Nous sommes aujourd'hui mardi. Notre seul impératif est d'être de retour à Dubrovnik dimanche soir pour prendre notre avion lundi. Et nous voulons visiter le Durmitor... Plus précisément, nous avons une tente et voudrions faire une randonnée sur 2 jours ainsi que descendre la rivière Tara en rafting. Nous ne savons rien de rien : nous n'avons pas de guide, pas de carte. Nous n'avons pas étudié les différentes randonnées possible, ne connaissons rien du fonctionnement du parc. Nous sommes venus à Zabljak car nous avons deviné à la concentration des hôtels que c'était le point de départ principal pour explorer le Durmitor. Et d'ailleurs, nous avons bien deviné comme en témoignent les dizaines de panneaux "Rafting", "Tara River Experience", "Explore Durmitor" que nous avons vus. Nous n'expliquons pas tout ça à la jeune femme de l'office de tourisme, nous demandons juste des informations sur les "Hiking Trails" (chemins de randonnées). Elle nous répond dans un anglais très rapide et difficilement compréhensible. Il ressort cependant que nous devons nous rendre jusqu'au Crno Lake à quelques kilomètres et trouver le "Visitor Center".

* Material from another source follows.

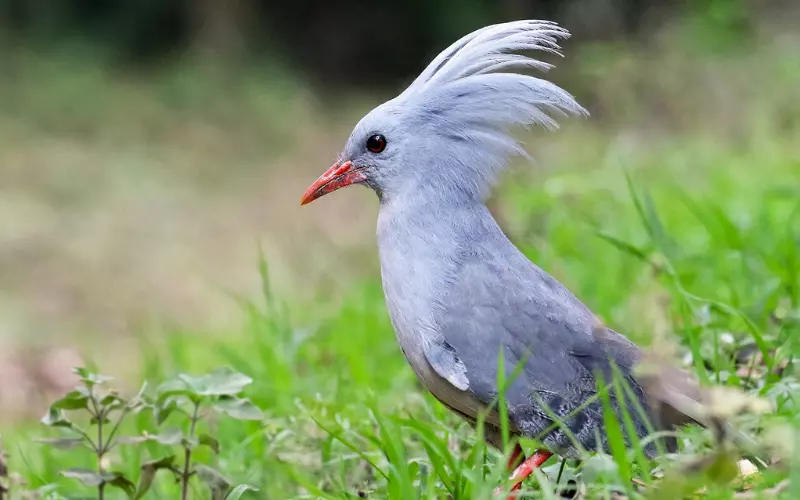 Kagu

Il faut se garer à environ un kilomètre du lac, sur une route encombrée où les véhicules s'entassent un peu n'importe comment. Cependant, Edward Abbey serait content : aucune voiture dans le parc national. Il faut l'explorer à pied ou à vélo. On rejoint le lac par un chemin goudronné où sont installés des stands vendant des produits locaux : miels, champignons et liqueurs. Le "lac noir" porte mal son nom, il est en fait d'un joli bleu turquoise, installé dans son écrin de forêt sombre. Plusieurs personnes s'y baignent ce qui fait envie dans la douceur de l'après-midi. Nous cherchons le "Visitor Center" que nous ne voyons nulle part. Plusieurs panneaux le mentionne cependant mais sans jamais indiquer où il se trouve. Une indication mentionne quelque chose à 900 mètres, le long du lac. Ce n'est pas trop loin et nous y allons pour ne finalement trouver qu'un bâtiment fermé. Il est près de 17h, nous n'avons toujours aucune information et commençons à désespérer. Notre dernier espoir se situe au niveau de la petite cabane qui vend les billets d'entrée dans le parc. La conversation qui s'engage me donne au départ assez peu d'espoir mais à un moment, les choses se débloquent : "You want go hiking in the mountain? - Yes! - You have tent? - Yes! - You want leave car here and go hiking in the mountain with tent ? - Yes! - You have map ? - No! - You want map ? - Yes!". Il se trouve qu'à la suite d'une embrouille, ils n'ont finalement pas les cartes (ils ont prêté une voiture et la personne est partie avec les cartes mais va revenir bientôt). Nous attendons un peu, puis comme la personne ne revient pas, décidons d'aller d'abord nous installer au camping et de revenir acheter nos cartes plus tard.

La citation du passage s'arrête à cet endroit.